“Behind every great man there’s a great women rolling her eyes” (Bruce Almighty), and behind every great youth worker there is a great support structure.
A support structure means more than just well-wishers and prayer-warriors. A support structure means work contracts, policies, accountability boards, bosses, mentors and managers… good ones, not pants ones!
I bet that one of the top reasons youth workers quit so early and frequently is a widespread lack of understanding of the chain of command. Everyone thinks they’re your boss – parents, teenagers, councils, caretakers – everyone!
I think the holy trinity of successful youth work support is a pastor – to include you within the wider vision; a mentor – to nurture you as a disciple, and a line-manager – to develop you as an employee. All three need to have a different emphasis but a common goal. Hypostatic union if ever I saw it!
We’re going to focus here on the specifics of the line-manager role.
In my first full time youth work job I had no line-manager. As a result I ended up working regular 70hr weeks, didn’t receive about half of my leave (and when I did I was granted it too late to book or save), wasn’t able to formally develop my training, and didn’t receive any clear feedback on my work performance. I left the job – and I nearly left youth work completely.

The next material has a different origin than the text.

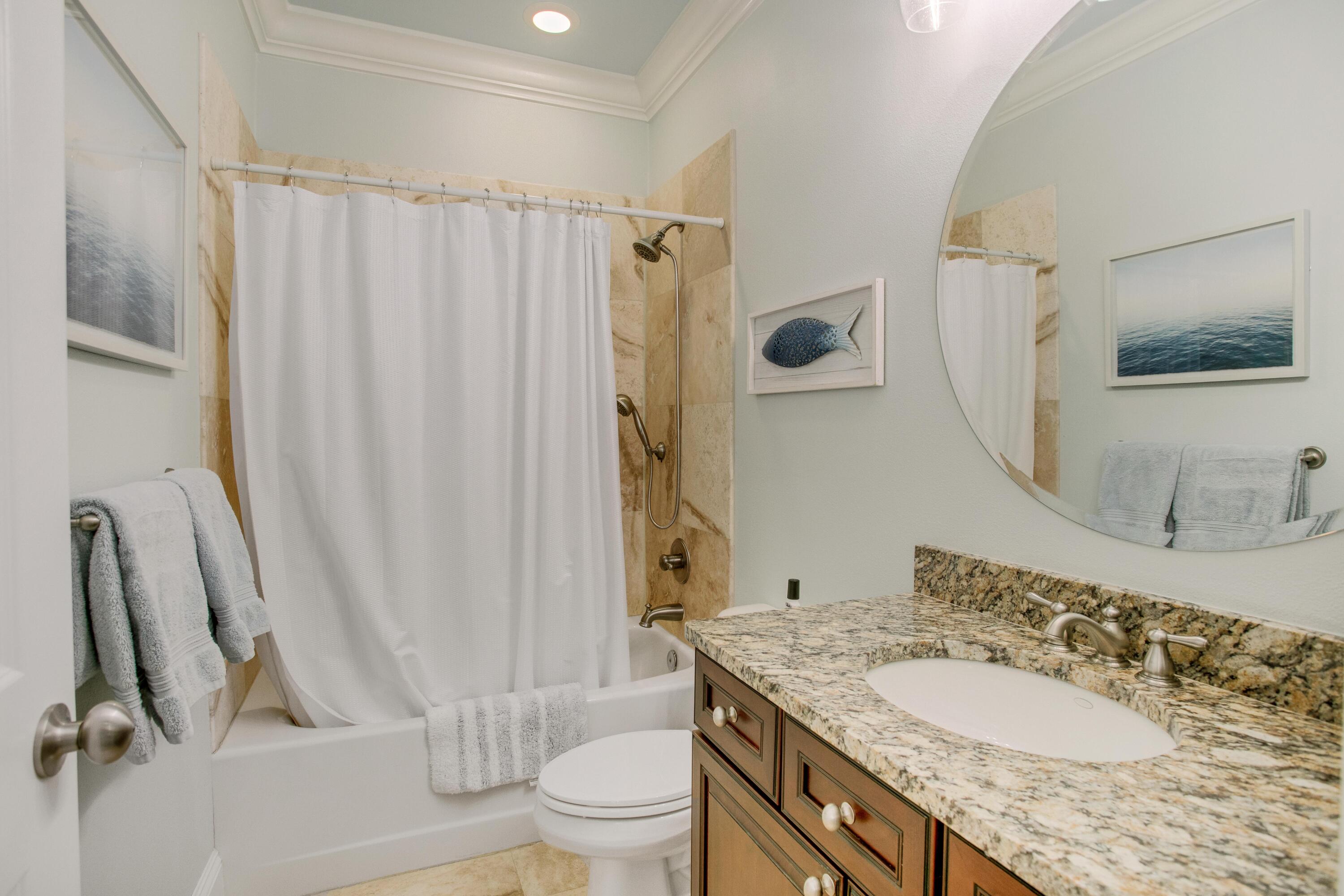 1893 Baytowne Loop Miramar Beach, FL 32550 - Photo 36 of 45 a bathroom with a granite countertop sink toilet and shower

My next job came with an able line-manager, a quality mentor, a committed trustee board and a further accountability board to check up on the trustees. I’m still there – and I’m still growing.
There are five specific areas that a line-manager should be regularly checking up on: Time sheets, Annual Leave, Training, Project Management and Admin. Anything else probably falls under the purview of the Pastor or Mentor.
Checking how much time the youth worker is working, where they’re spending it and what – if any – gaps are show up, while keeping an eye open for over-working and unsociable hours. Keeping a google calendar of similar tends to be one of the easiest ways to do this.
Making sure the youth worker is taking it – including days off – and booking in advance. Also working alongside the youth worker to cover projects and seek outside help when needed. Annual Leave should never be made conditional on cover.
Looking together at relevant conferences, courses, conversations and a reading budget. This should include spiritual feeding and practical training. Ideally the board should set an annual budget for professional development.
Looking at the trickle down supervision of teams and volunteers under the youth worker. Mediating and advising on conflict resolution and making suggestions to both the youth worker and wider board regarding ongoing difficulties.
Anything that is foundational to the youth worker’s work, be it HR, policies, contracts, time sheets, rotas etc. Making sure that the machine is being well oiled by the right people.
Putting It All Together
These five areas should be noted and checked up on at least once every six weeks, and they should be minuted properly. Properly done minutes will include a ‘matters arising’ section to check up on ongoing items. Annual supervision meetings with Pastors/boards etc. then have some written record to go off. Minutes should be circulated only to those who need them – usually pastor/chair-person, line manager and youth worker.
You can also include ‘correspondence’ in your meetings. This gives the youth worker a chance to talk about extraneous, troubling or potential communications that have an impact on their work – and give the line-manager a chance to bring to the youth worker’s attention conversations with other leaders about work performance or project feedback – obviously filtering out the knuckle head and spiteful stuff.
Try to keep meetings to an hour, in a reasonably comfortable and private place!
Finally – don’t forget to stay professional but do build relationship. Laugh lots and have fun!